_What the task requires_
What you return should be the full listing, copied exactly and stripped of its pictures.

_Data segment_
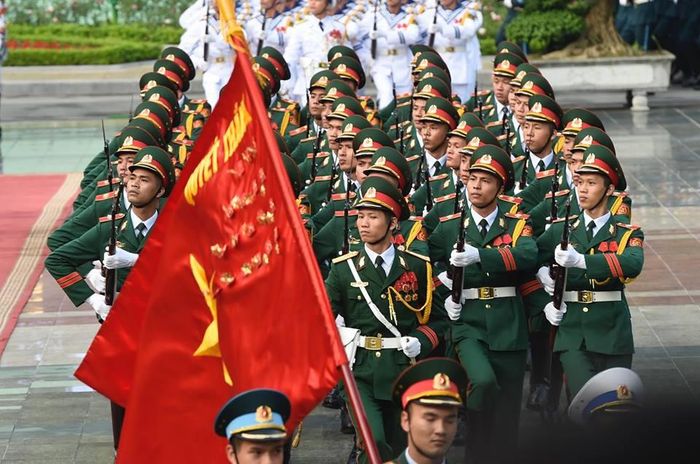 Sau đó lãnh đạo Trung Quốc cùng Tổng Bí thư Nguyễn Phú Trọng đi dạo, thăm nơi Bác Hồ mất và dự tiệc trà trong khu nhà sàn Bác Hồ.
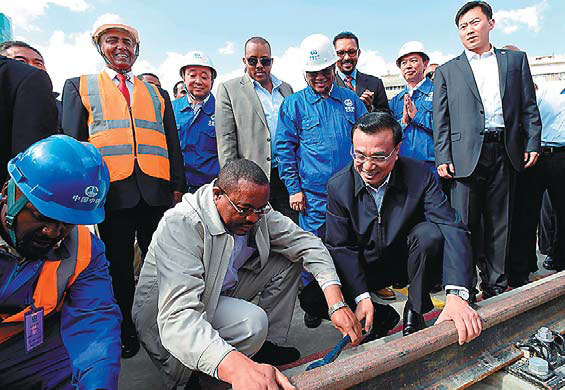 Premier helps launch new expressway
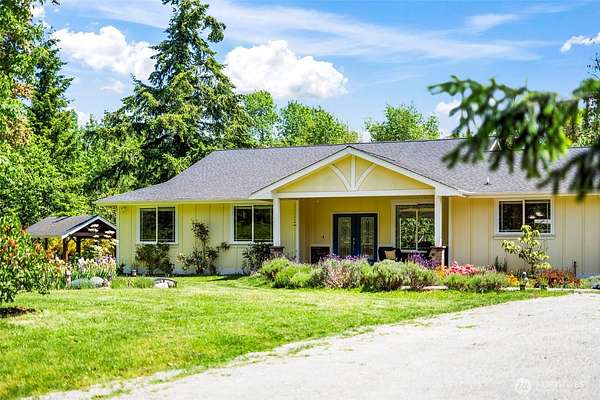 5 Acres of Residential Land with Home for Sale in Lakebay, Washington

_Exercise output_
 Sau đó lãnh đạo Trung Quốc cùng Tổng Bí thư Nguyễn Phú Trọng đi dạo, thăm nơi Bác Hồ mất và dự tiệc trà trong khu nhà sàn Bác Hồ.
 Premier helps launch new expressway
 5 Acres of Residential Land with Home for Sale in Lakebay, Washington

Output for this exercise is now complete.